Listening is crucial to learning the art of composing fugues. Bach is the best place to start when it comes to composing a fugue, but plenty of other composers have written admirable themes. Mendelssohn, Franck, Beethoven, Liszt and then there are 20th century fugue composers. Ives wrote a fugue (in 4 keys IIRC), Barber wrote an awesome one in his Piano Sonata, Shostakovich, wrote 24 preludes and fugues. If you've studied and analyzed even some of these you wouldn't be asking internet strangers how to write a fugue theme.
I could say your subject is too short but Bach wrote a lengthy fugue in C major on a theme of just two bars. It starts at 4:29 of this video.https://www.youtube.com/watch?v=nvVFRo_4b0o
BTW, this fugue uses just about every device in fugal writing, inversion, stretto, inversion and stretto simulatneously and then the pedal comes in with augmentation and all three happen simultaneously. This is old Bach at his best.

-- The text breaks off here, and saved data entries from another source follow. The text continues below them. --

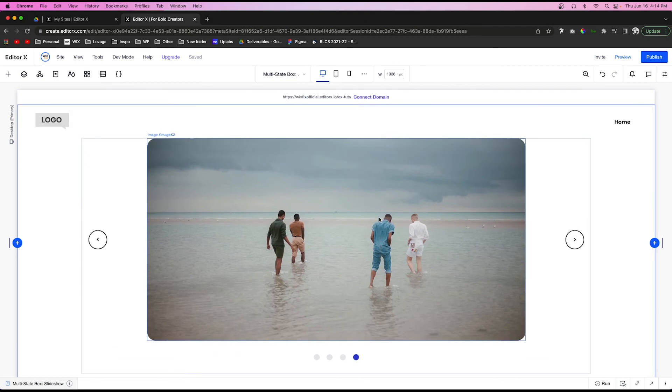That's basically how you create your own custom slideshow in Editor X. If you learned something, please give this video a like and subscribe to the channel if you haven't already. Thanks for watching and I'll see you in the next one.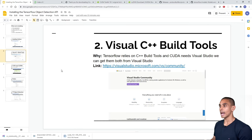The installation is now complete — all five steps done. We've installed Python, Visual C++ Build Tools, CUDA and cuDNN, protoc, and the TensorFlow Object Detection API along with its dependencies. To verify, open a Jupyter notebook (available since we installed Anaconda) in your project folder. There's a tutorial notebook included — you can find a link to it in the description below.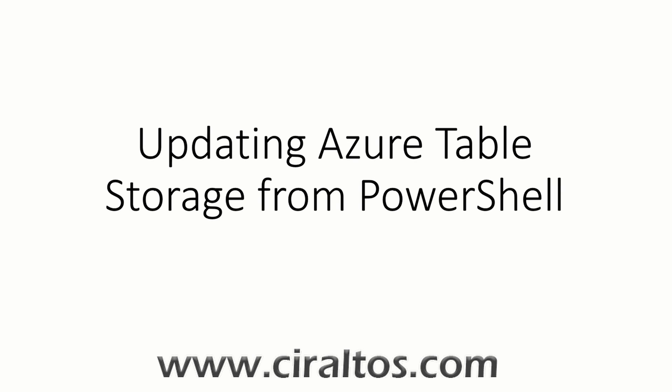Hello everyone. Thanks for joining. In this video, I'm going to show how to use PowerShell to update rows in Azure Table Storage.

The important aspect of a fugue theme is that it must be recognizable and memorable. I didn't quite get the rhythm of your theme, but if I was using your notes it would be quarter, quarter, dotted quarter, eighth, eighth, eighth, eighth, eighth, land in a quarter note low G instead of c, then quarter rest. BUT, that's probably just the first phrase. Have you analyzed fugue subjects and their fugues? You say you know counterpoint, that's a good starting point. If I was you I'd start with writing a fugal exposition, it's a smaller bite of the apple. Then I'd start working out what could be done with the theme, inversion, stretto, counter subjects/secondary themes, episodic development, augmentation/diminution.